Ein Leben auf See

„Ich habe schon als Kind aus Zeitschriften Matrosen mit der Schere ausgeschnitten“, erinnert Günther Stenmanns sich gerne zurück an die schon früh beginnende Liebe zur Schifffahrt. Stenmanns feierte am Dienstag seinen 94. Geburtstag, seine letzte Weltreise ist nicht einmal zehn Jahre her. Geboren ist der ehemalige zweite Steuermann am 15. Oktober 1925 in Wetten, lange war er nach seiner Schulzeit auf See unterwegs und nun lebt er seit einigen Jahren im Haus für Senioren Regina Pacis in Kevelaer.

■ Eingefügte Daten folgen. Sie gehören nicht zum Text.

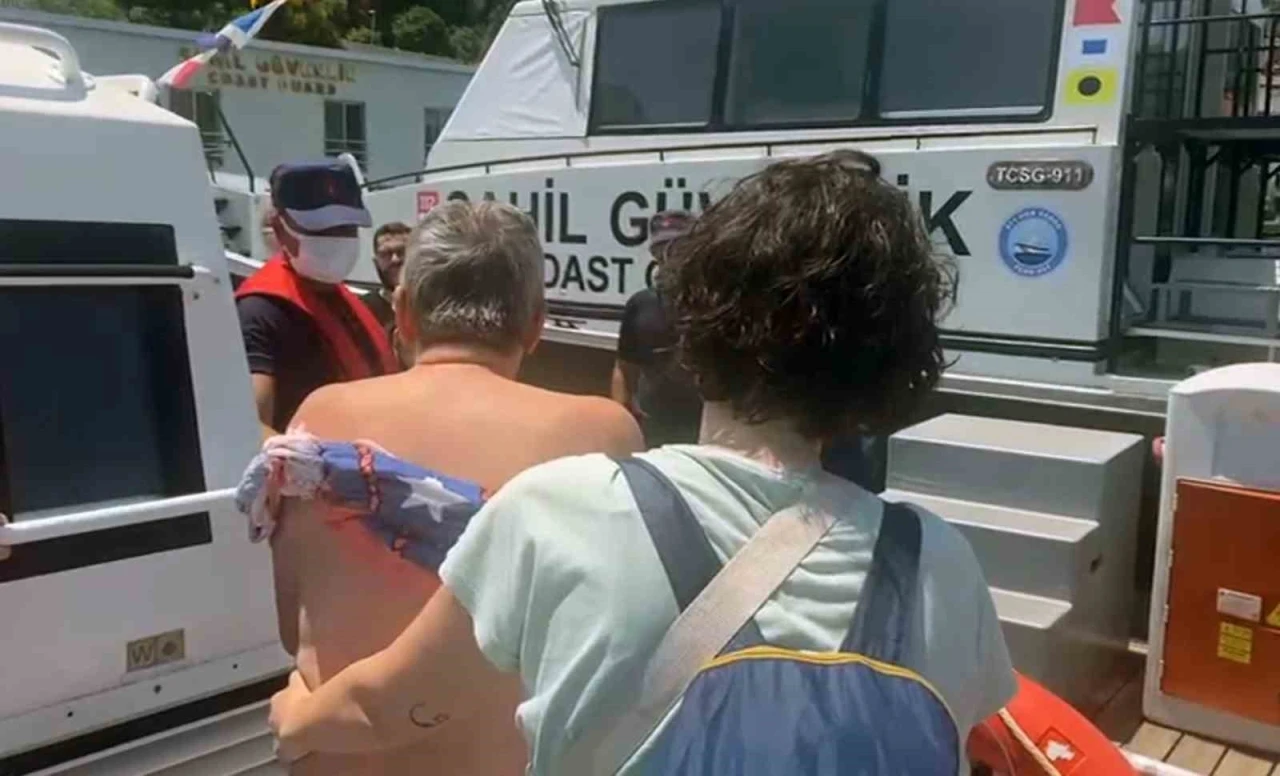 Fethiye'de Gezi Teknesinden Yaralı Tahliyesi
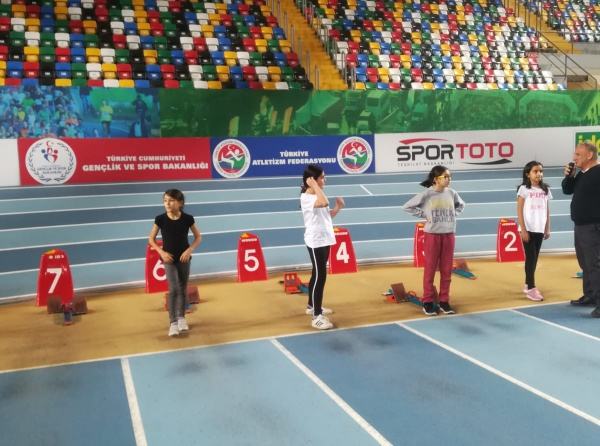 Ataköy Atletizm Salonunda Yapılan U14 Atletizm Yarışmalarına Katıldık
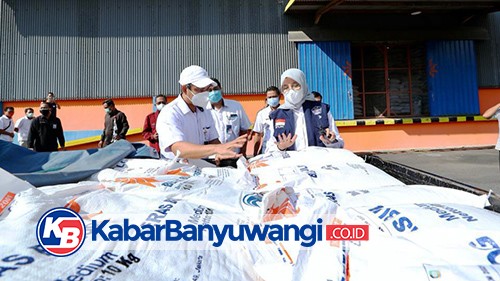 Bansos Beras PPKM Darurat Diluncurkan untuk 119.235 Keluarga di Banyuwangi
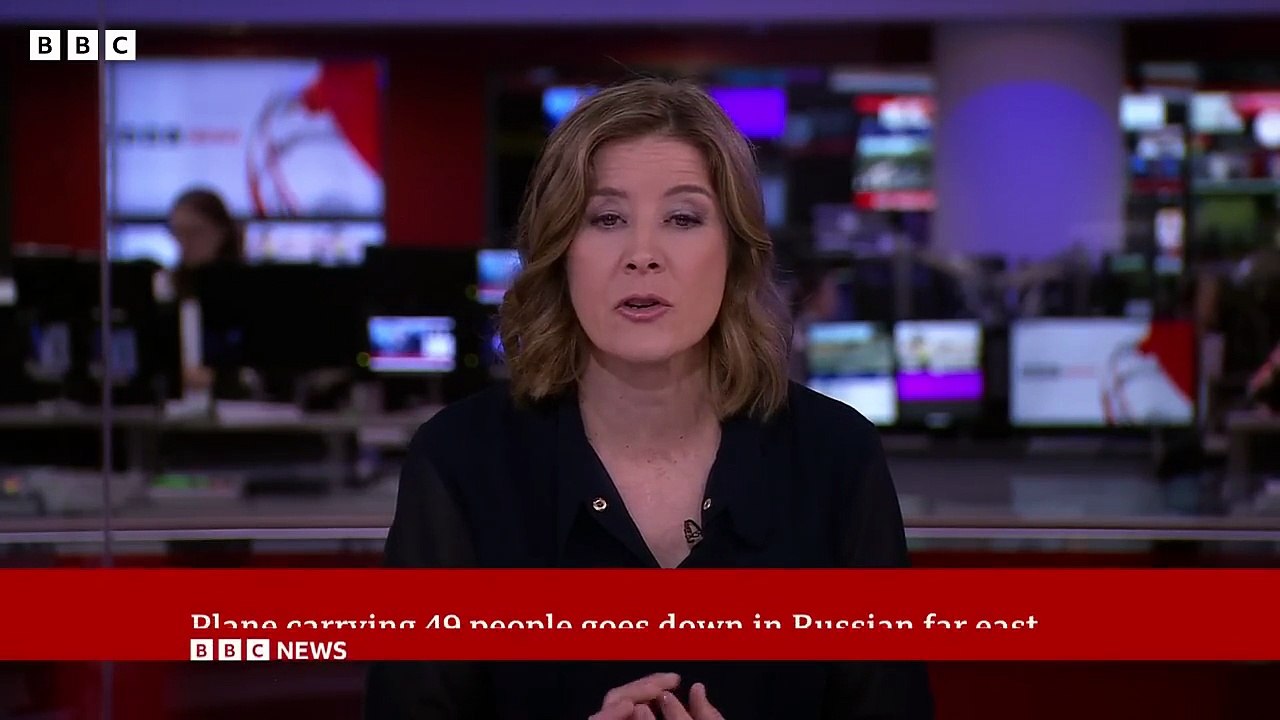 Plane carrying 48 people goes down in Russian far east | BBC News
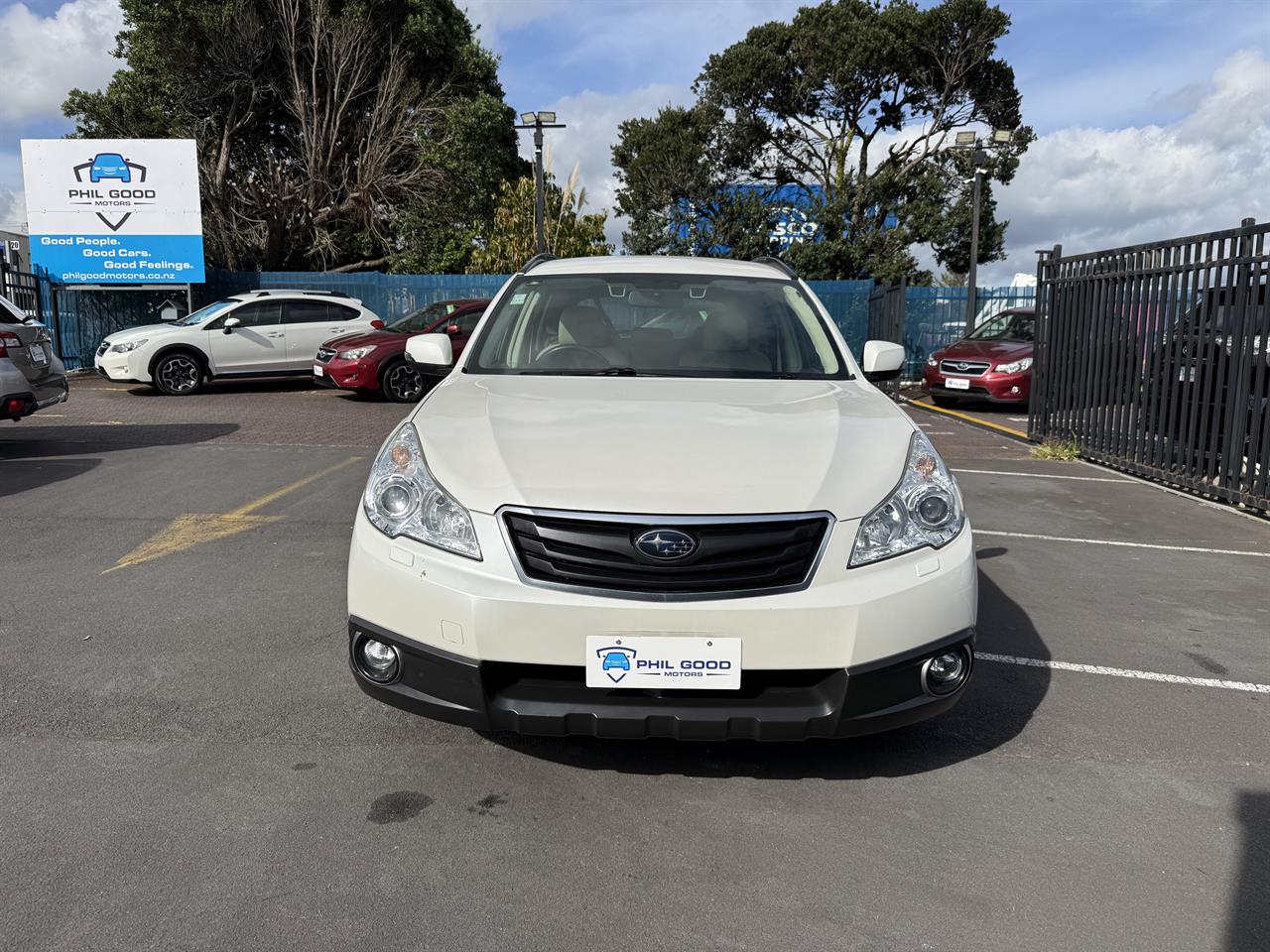 2012 Subaru Outback thumbnail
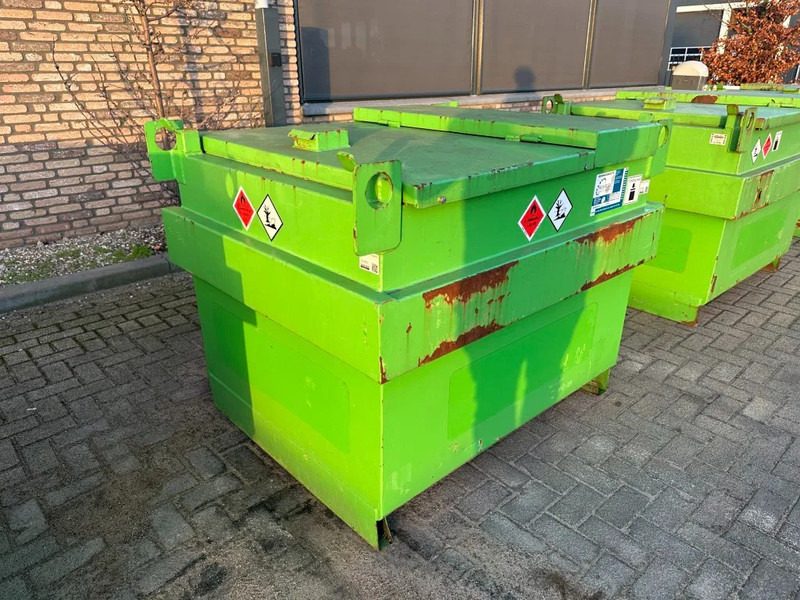 Kiwa IBC Steenbergen 750 liter Dieseltank met Handpomp Milieutank - Shipping container: picture 5 Kiwa IBC Steenbergen 750 liter Dieseltank met Handpomp Milieutank - Shipping container: picture 5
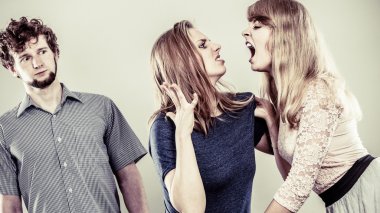 Adam kavga eden saldırgan deli kadınlar.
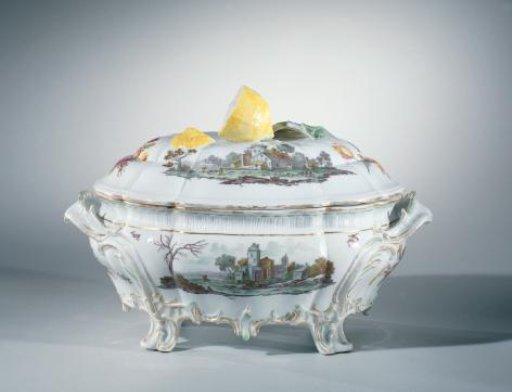 Cover of a tureen with landscapes and bouquets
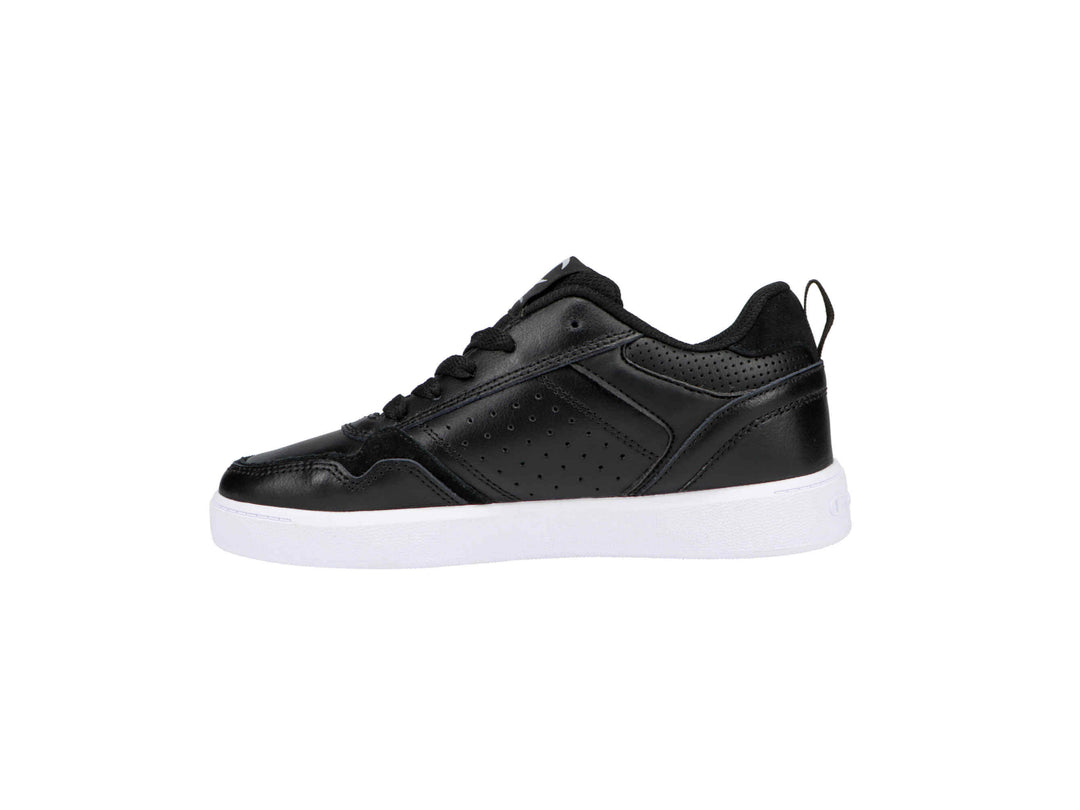 Tenis Champion Lore para niño en color negro con suela blanca.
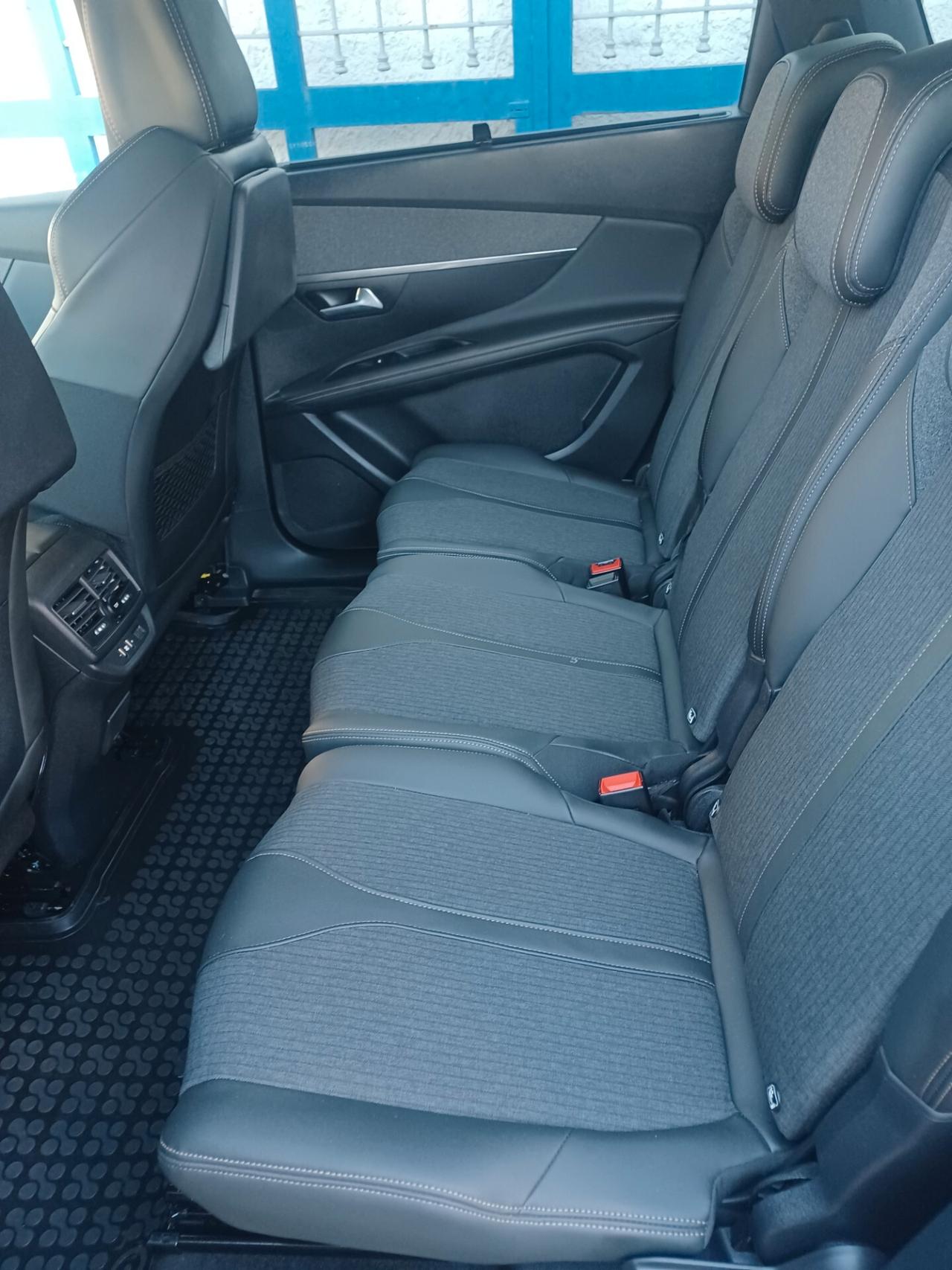 Peugeot 5008 1.5 HDi EAT 8 GT LINE 7 POSTI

Stolz hält Günther Stenmanns auch heute noch seine Bescheinigung der Lehre als Schiffsjunge in der Hand, die er 1941 begann. Warum es damals nur zwei Jahre anstatt drei Lehrjahre waren, daran erinnert der 94-Jährige sich noch genau: „Wären wir inzwischen in den Krieg gekommen, hätten wir nichts in der Hand gehabt.“ Mit 17 Jahren wurde er eingezogen und ab 1943 arbeitete Stenmanns nach einigen Lehrgängen auf einem U-Boot. „Ich kam gar nicht mehr nach Hause“, erinnert er sich.

Im Jahr 1964 hörte er auf mit der Schifffahrt. Irgendwann hatte er ein ganz besonderes Verlangen: „Ich hatte den Wunsch, einmal um die Welt zu fahren.“ Angetrieben von Karel Gotts Lied „Einmal um die ganze Welt“, machte er mit 80 Jahren seine erste Weltreise – 180 Tage auf See. Fünf Jahre später, erzählt Stenmanns, veranlasste ihn erneut ein Lied zur Reise – Hans Albers mit seinem Song „Einmal noch nach Bombay“. „Einmal durch den Suez und durch den Panama“ heißt es in dem Lied. Kurzerhand ist der damals 85-Jährige dann ins Reisebüro gegangen und „dann bin ich mit 85 noch durch den Suez und den Panama-Kanal.“ Ein halbes Jahr habe die Reise gedauert.

Zusammenbruch und Herzprobleme

Neben der Musik, die Stenmanns damals ermutigte, war es der einfache Wunsch: „Ich wollte rund um die Welt.“ Mit 86 Jahren startete er schließlich noch eine dritte Weltreise – leider kam er diesmal auf anderem Wege zurück nach Deutschland als geplant. Ein Zusammenbruch und Herzprobleme haben ihn damals außer Gefecht gesetzt, „sodass ein mehrwöchiger Krankenhausaufenthalt in Argentinien folgte“, erzählt Stenmanns. An diese Reise erinnert der 94-Jährige sich noch heute genau. Er sei damals mit dem Flugzeug nach Amsterdam geflogen worden, anschließend folgte ein Transport nach Düsseldorf und eine Fahrt mit dem Krankenwagen nach Kleve und schließlich habe er einen Herzschrittmacher bekommen.

Seitdem reist Stenmanns nicht mehr, seine Sehkraft hat der 94-Jährige fast gänzlich verloren. Auch wenn ein bisschen Wehmut mitschwingt, der ehemalige Schiffsjunge blickt mit Freude auf die Zeit zurück: „Ich bin dankbar, dass ich das alles noch erleben konnte.“ Heute ist er im Regina Pacis in Kevelaer sehr glücklich. Trotz seiner fehlenden Sehkraft ist Stenmanns selbstständig. Nicht nur, dass er selbst seine Geburtstagsorganisation in die Hand nimmt – Stenmanns geht, erzählt er, jeden Tag „wenn ich gefrühstückt habe, durch Kevelaer an die frische Luft“ und am Nachmittag setzt er sich auf eine Bank am Museum. Für seine Eigenständigkeit ist der 94-Jährige dankbar. Seinen Geburtstag feierte er am Dienstag im kleinen Kreise beim Kuchenessen im Regina Pacis.